This week, get thee to the Roxie for "Not Necessarily Noir III" (Dennis Harvey's preview here), or the wind-whipped moors for Andrea Arnold's brutal new Wuthering Heights (my chat with Arnold here). Other new stuff we haven't reviewed yet: the not-screened-for-critics-because-let's-face-it-these-movies-are-critic-proof Paranormal Activity 4, and Tyler Perry's first Madea-free enterprise in some time, Alex Cross.

Read on for more new reviews!

Bel Borba Aqui "The People's Picasso" and "Brazil's Pied Piper of Street Art" are both apt descriptions of veteran artist Bel Borba, who has spent decades bringing color and imagination to the streets of Salvador — his seaside hometown, and a place already graced with the nickname "Brazil's Capital of Happiness." It's not a stretch to imagine that Borba's commitment to public art (a giant Christmas tree made of plastic Coke bottles, a rhinoceros sculpture crafted from old boat planks, hundreds of large-scale mosaics, even a painted airplane) has done its share to lift spirits. Bel Borba Aqui isn't the sort of doc to delve into its mustachioed subject's history or personal life (despite a few angry cell phone conversations randomly captured along the way); instead, it's much like Borba himself — freewheeling and spontaneous, and most alive when it's showing art being created. Great soundtrack, too. (1:34) Roxie. (Cheryl Eddy)

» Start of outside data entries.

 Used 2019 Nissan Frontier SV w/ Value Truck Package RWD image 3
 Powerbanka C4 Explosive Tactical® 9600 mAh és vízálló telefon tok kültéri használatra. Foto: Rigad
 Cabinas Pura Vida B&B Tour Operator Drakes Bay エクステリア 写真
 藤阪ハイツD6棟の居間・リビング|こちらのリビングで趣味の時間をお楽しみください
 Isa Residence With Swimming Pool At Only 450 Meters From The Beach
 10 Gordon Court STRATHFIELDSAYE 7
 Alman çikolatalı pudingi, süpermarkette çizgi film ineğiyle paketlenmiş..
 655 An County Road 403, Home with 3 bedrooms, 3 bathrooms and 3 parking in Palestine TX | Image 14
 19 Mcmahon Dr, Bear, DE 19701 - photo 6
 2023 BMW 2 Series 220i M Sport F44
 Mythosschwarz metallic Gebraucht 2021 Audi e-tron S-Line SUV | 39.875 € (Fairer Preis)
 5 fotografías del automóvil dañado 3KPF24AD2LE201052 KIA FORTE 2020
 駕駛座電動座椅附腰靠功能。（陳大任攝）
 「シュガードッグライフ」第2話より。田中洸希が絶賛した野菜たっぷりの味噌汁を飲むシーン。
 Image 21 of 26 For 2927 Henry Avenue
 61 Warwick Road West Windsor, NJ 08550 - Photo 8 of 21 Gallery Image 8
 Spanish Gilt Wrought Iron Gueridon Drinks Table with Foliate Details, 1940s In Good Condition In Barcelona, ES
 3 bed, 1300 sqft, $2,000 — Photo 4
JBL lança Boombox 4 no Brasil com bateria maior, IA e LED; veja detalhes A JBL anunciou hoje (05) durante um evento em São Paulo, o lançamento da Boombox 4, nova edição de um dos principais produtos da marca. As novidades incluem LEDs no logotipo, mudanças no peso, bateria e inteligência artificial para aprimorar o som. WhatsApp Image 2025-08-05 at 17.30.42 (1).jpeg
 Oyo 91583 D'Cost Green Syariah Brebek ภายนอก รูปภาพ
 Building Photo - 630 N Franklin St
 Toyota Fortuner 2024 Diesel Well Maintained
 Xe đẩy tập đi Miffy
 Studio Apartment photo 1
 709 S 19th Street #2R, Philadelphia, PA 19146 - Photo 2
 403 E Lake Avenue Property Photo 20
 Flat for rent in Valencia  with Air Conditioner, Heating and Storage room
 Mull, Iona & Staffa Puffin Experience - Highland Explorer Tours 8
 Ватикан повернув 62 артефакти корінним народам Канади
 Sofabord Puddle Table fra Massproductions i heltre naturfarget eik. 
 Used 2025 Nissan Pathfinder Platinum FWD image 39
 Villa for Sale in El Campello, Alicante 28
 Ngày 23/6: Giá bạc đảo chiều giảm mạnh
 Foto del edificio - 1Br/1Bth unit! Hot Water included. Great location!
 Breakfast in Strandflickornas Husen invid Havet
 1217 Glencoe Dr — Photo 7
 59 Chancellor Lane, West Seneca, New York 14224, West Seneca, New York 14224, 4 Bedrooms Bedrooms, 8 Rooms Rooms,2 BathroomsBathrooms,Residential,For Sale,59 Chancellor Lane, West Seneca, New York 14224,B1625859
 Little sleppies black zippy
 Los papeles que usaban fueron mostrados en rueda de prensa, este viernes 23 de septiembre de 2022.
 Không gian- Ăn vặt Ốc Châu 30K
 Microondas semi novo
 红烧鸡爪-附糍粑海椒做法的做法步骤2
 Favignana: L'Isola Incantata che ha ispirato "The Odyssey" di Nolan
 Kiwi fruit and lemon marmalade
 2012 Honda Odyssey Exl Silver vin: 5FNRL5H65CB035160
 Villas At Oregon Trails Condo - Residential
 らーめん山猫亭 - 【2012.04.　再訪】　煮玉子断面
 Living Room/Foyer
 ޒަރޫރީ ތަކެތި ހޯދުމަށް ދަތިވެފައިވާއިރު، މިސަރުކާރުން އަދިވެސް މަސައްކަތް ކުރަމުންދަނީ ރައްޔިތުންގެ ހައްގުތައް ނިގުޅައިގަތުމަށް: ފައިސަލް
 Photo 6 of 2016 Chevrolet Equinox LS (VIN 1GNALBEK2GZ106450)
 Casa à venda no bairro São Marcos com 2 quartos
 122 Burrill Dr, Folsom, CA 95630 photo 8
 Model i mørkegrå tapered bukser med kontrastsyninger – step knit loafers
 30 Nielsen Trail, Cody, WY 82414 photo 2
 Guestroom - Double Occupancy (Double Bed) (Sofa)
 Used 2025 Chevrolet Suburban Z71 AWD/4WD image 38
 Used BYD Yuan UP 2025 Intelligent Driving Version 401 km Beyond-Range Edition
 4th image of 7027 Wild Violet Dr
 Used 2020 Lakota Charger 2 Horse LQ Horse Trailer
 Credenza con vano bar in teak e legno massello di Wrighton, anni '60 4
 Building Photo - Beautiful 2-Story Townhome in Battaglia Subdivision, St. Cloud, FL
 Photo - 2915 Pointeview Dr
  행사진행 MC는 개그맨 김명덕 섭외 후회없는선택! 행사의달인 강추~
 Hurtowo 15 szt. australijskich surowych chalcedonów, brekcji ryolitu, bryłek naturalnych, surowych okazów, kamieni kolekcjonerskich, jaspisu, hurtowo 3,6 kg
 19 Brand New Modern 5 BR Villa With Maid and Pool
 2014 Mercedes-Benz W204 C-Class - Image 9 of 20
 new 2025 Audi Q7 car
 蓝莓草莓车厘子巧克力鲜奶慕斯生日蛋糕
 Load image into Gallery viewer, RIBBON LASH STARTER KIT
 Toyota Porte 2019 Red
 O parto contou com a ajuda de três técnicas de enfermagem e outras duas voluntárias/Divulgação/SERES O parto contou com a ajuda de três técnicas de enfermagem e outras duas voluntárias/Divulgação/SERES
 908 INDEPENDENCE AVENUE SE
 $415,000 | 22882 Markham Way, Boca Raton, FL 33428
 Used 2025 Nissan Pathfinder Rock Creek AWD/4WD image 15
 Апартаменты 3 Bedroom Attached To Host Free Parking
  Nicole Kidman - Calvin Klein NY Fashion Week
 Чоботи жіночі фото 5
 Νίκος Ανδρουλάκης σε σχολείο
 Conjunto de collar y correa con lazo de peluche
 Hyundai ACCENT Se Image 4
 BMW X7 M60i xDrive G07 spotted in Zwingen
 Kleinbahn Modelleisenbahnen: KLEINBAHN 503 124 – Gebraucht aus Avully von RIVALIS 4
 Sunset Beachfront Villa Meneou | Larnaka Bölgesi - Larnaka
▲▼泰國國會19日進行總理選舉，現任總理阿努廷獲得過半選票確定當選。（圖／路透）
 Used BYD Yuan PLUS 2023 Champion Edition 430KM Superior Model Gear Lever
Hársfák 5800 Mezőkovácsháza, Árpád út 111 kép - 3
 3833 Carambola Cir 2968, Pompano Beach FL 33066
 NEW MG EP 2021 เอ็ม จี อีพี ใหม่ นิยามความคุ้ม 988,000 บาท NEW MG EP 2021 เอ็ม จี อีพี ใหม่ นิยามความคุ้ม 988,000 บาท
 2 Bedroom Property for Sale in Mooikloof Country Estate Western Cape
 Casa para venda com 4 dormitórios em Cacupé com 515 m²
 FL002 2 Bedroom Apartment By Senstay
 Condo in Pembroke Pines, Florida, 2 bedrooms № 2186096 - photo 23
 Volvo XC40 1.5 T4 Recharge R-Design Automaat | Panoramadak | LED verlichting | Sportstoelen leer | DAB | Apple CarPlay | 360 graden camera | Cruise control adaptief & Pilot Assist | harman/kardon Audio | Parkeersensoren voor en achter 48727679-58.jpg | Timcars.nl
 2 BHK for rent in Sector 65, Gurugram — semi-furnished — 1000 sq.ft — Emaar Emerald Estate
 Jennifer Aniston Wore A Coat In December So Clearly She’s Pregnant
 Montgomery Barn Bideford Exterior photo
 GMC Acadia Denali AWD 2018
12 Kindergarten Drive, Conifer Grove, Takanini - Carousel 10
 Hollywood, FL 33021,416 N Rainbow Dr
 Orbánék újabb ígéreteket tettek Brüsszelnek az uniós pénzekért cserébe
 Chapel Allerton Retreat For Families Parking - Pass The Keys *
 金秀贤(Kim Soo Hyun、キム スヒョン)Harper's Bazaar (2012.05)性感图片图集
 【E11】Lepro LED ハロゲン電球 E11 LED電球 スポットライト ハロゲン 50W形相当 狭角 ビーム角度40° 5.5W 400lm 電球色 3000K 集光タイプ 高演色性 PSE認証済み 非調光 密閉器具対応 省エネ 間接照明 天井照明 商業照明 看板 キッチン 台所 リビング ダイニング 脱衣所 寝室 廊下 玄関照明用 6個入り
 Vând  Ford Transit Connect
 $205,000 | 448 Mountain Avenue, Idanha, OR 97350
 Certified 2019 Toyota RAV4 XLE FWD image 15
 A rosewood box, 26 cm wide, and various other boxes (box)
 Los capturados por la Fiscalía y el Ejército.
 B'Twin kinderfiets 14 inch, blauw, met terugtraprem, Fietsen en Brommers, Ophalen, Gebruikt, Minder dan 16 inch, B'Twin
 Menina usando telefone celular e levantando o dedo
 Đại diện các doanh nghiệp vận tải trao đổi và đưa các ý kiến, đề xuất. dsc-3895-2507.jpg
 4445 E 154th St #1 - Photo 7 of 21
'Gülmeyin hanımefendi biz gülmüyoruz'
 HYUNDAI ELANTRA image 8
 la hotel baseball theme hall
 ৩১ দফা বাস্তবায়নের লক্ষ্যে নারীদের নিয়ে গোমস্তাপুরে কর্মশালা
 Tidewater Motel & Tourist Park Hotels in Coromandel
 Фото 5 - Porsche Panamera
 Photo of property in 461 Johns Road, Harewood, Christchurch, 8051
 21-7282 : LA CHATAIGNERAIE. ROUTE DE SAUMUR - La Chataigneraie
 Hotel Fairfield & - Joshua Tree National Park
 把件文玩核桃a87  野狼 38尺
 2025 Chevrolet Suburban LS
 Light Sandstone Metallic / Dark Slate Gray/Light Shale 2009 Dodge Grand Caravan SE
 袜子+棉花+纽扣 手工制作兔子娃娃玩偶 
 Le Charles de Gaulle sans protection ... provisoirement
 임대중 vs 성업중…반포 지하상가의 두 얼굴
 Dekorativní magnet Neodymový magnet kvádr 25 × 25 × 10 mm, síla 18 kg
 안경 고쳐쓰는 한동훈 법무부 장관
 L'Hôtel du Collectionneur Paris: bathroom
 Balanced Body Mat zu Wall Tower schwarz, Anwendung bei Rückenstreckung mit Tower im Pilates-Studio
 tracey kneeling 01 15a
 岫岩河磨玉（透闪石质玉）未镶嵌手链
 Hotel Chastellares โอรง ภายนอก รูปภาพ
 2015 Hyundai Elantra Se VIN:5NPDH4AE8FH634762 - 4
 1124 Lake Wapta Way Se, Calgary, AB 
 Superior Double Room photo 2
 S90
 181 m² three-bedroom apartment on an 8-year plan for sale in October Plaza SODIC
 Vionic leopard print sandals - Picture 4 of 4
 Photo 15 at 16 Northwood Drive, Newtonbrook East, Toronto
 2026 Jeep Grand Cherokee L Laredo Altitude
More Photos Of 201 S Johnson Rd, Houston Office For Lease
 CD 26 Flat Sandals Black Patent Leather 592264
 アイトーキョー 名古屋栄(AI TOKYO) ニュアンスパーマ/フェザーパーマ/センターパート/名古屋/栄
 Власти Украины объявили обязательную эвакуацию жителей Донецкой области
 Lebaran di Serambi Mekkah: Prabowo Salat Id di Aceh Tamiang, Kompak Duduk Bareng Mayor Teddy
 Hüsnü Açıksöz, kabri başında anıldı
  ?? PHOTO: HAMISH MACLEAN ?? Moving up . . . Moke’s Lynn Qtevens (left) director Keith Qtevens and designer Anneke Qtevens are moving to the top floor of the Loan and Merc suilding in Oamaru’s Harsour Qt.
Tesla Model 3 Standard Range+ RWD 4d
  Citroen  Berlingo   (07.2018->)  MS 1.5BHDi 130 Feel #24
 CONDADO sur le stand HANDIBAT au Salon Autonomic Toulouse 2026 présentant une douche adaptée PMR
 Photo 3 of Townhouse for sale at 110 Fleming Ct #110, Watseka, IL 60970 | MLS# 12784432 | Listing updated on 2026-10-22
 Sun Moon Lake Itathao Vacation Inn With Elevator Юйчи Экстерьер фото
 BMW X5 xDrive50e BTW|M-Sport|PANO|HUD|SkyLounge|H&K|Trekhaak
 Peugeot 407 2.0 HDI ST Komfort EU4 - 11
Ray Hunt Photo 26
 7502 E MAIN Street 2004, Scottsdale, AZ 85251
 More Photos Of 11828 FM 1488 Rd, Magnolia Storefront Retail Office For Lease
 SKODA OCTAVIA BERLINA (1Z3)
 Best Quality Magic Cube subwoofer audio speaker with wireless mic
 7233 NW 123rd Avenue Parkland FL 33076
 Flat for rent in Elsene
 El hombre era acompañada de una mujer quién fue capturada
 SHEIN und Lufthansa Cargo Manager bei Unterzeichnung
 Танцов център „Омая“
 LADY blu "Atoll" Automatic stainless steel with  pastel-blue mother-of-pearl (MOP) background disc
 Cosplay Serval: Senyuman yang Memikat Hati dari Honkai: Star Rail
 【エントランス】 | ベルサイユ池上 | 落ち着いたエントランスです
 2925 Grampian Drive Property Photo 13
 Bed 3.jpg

Fat Kid Rules the World It really does suck to be Troy (Jacob Wysocki from 2011's Terri). An XXL-sized high schooler, he's invisible to his peers, derided by his little brother (Dylan Arnold), and has lived in general domestic misery since the death of his beloved mother under the heavy-handed rule of his well-meaning but humorless ex-military dad (Billy Campbell). His only friends are online gamers, his only girlfriends the imaginary kind. But all that begins to change when chance throws him across the path of notorious local hellraiser Marcus (Matt O'Leary), who's been expelled from school, has left the band he fronts, and is equal parts rebel hero to druggy, lyin' mess. But he randomly decrees Troy is cool, and his new drummer. Even if he's just being used, Troy's world is headed for some big changes. Actor Matthew Lillard's feature directorial debut, based on K.L. Going's graphic novel, is familiar stuff in outline but a delight in execution, as it trades the usual teen-comedy crudities (a few gratuitous joke fantasy sequences aside) for something more heartfelt and restrained, while still funny. O'Leary from last year's overlooked Natural Selection is flamboyantly terrific, while on the opposite end of the acting scale Campbell makes repressed emotion count for a lot — he has one wordless moment at a hospital that just might bring you to the tears his character refuses to spill. (1:38) (Dennis Harvey)

The House I Live In Much like he did in 2005's Why We Fight, filmmaker Eugene Jarecki identifies a Big Issue (in that film, the Iraq War) and strips it down, tracing all of the history leading up to the current crisis point. Here, he takes on America's "war on drugs," which I put quotes around not just because it was a phrase spoken by Nixon and Reagan, but also because — as The House I Live In ruthlessly exposes — it's been a failure, a sham, since its origins in the late 1960s. Framing his investigation with the personal story of his family's housekeeper — whose dedication to the Jarecki family meant that she was absent when her own son turned to drugs — and enfolding a diverse array of interviews (a sympathetic prison guard, addicts and their families, The Wire's David Simon) and locations (New York City, Sioux City), Jarecki has created an eye-opening film. Particularly well-explained are segments on how drug laws correlate directly to race and class, and how the prison-industrial complex has played a part in making sure those laws remain as strict as possible. (1:48)  (Cheryl Eddy)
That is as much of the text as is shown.